We were both inspired to be in the committee last year after meeting Mimi and Jude while helping out in the biology garden. They had accomplished so much, and we wanted to continue with their work and plans for this year and are very grateful for this opportunity. We took on our roles last year mid-way through the last lockdown when we kept up the pace and carried on through with the important planning of our current projects with Zoom meetings every week. This has helped us with the skills to run the meetings this year, especially with the current circumstances. We have learnt about things we can do in our daily lives, at school, and home to help save the planet!
Ellie Letts, a member of beekeeping society and apiary group, wrote to invite Jenny Steel, an author, and former Oxford University Plant Ecologist. We are very honored to have her at this week's meeting to speak to and advise us on our on-going Pollinator garden project.
Jenny is the author of 17 books about Wildlife and Wildflower gardening and has a two-acre wildlife garden at her home in South Shropshire. She is particularly interested with all the aspect of garden ecology so her knowledge can help us to find out more about growing successful wildflowers to benefit the insects, birds, and animals around the school site. She has featured on several BBC television programmes including Gardener’s World, The Natural world, and local and national BBC news.
The project has made some great progress this term with both the format of the apiary with proposing ideas of which native shrubberies, flowers and trees are going to be planted, as well as the design team who are drawing up some hopeful plans.
The biology garden is now established with many species such as the Red Mason bees, frogs, lots of birdlife, water shrew and many more have been spotted. The re-wilding group made brilliant headway throughout the last term and are continuing to do so while researching wildflower meadows and gaining insight from the ground's men about soil pH and varieties best suited for the area. We are looking forward to the project getting underway and having beautiful areas of vibrant wildflowers around the school site, starting with one at the front of Kingland Hall.
We are also very excited for the 2040 screening event on the 23rd of April to be held in the Barnes Theatre. Poppy Stephens has worked very hard organizing for guest speakers Sarah Morris, Roger Grenville Morgan, and Katharine Symonds-Moore to join us for this event.
The recycling group have been looking at ways we can dispose of our rubbish using more sustainable methods. They have done research into local recycling services and the possibility to start with the recycling of cans.

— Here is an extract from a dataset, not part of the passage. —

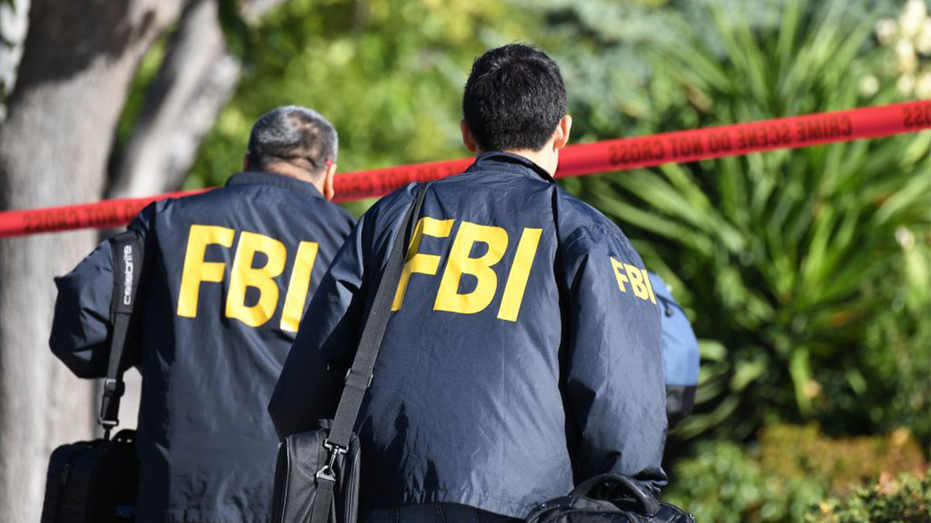 FBI will investigate ‘any evidence of a criminal conspiracy’ in LA riots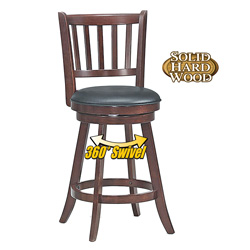 Swivel Chair Model# US2430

In the sustainability group, they have taken inspiration from the “Shrewsbury cup” to have our own cups at school which we can reuse for hot drinks in grot and quod.
Also, we are happy to announce that our social media & marketing group has successfully started the foundations to set up social media accounts on platforms such as Instagram and Twitter. We will soon be posting Instagram reel updates on our Biology garden, school rewilding progress and fun facts about the world’s ecosystem. Stay tuned for our news & promotions and we look forward to posting and keeping everyone updated on the eco committee's newest activities!
Lara L-J and Cathy L, Co-chairs, writing on behalf of the eco committee.